What to work on: The entries below contain a stretch that opens with the line containing "Archivo - Puente de la Barqueta." and closes with the line containing "या गोष्टींचा निषेध"; set down that stretch exactly, both ends included, and nothing else.

(Short descriptive text snippets)
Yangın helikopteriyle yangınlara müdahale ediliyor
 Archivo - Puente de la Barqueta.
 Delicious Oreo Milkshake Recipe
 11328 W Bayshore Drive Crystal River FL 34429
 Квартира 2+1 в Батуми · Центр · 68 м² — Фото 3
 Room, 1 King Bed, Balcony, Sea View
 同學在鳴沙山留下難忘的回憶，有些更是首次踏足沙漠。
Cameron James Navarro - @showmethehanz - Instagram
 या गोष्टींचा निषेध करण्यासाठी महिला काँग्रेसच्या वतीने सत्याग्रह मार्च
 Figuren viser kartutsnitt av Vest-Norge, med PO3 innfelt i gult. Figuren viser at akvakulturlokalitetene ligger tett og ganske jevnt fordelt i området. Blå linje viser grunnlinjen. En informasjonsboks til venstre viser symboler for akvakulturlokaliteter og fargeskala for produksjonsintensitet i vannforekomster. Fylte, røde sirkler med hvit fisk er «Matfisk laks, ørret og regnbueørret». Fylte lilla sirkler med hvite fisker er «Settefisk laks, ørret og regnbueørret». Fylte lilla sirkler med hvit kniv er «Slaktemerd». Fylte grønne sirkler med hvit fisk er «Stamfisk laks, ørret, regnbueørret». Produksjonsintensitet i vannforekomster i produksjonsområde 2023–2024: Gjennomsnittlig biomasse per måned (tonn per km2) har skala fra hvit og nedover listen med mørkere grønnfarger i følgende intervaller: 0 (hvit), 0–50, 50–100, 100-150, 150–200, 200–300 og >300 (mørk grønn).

Result for this task:
 Archivo - Puente de la Barqueta.
 Delicious Oreo Milkshake Recipe
 11328 W Bayshore Drive Crystal River FL 34429
 Квартира 2+1 в Батуми · Центр · 68 м² — Фото 3
 Room, 1 King Bed, Balcony, Sea View
 同學在鳴沙山留下難忘的回憶，有些更是首次踏足沙漠。
Cameron James Navarro - @showmethehanz - Instagram
 या गोष्टींचा निषेध करण्यासाठी महिला काँग्रेसच्या वतीने सत्याग्रह मार्च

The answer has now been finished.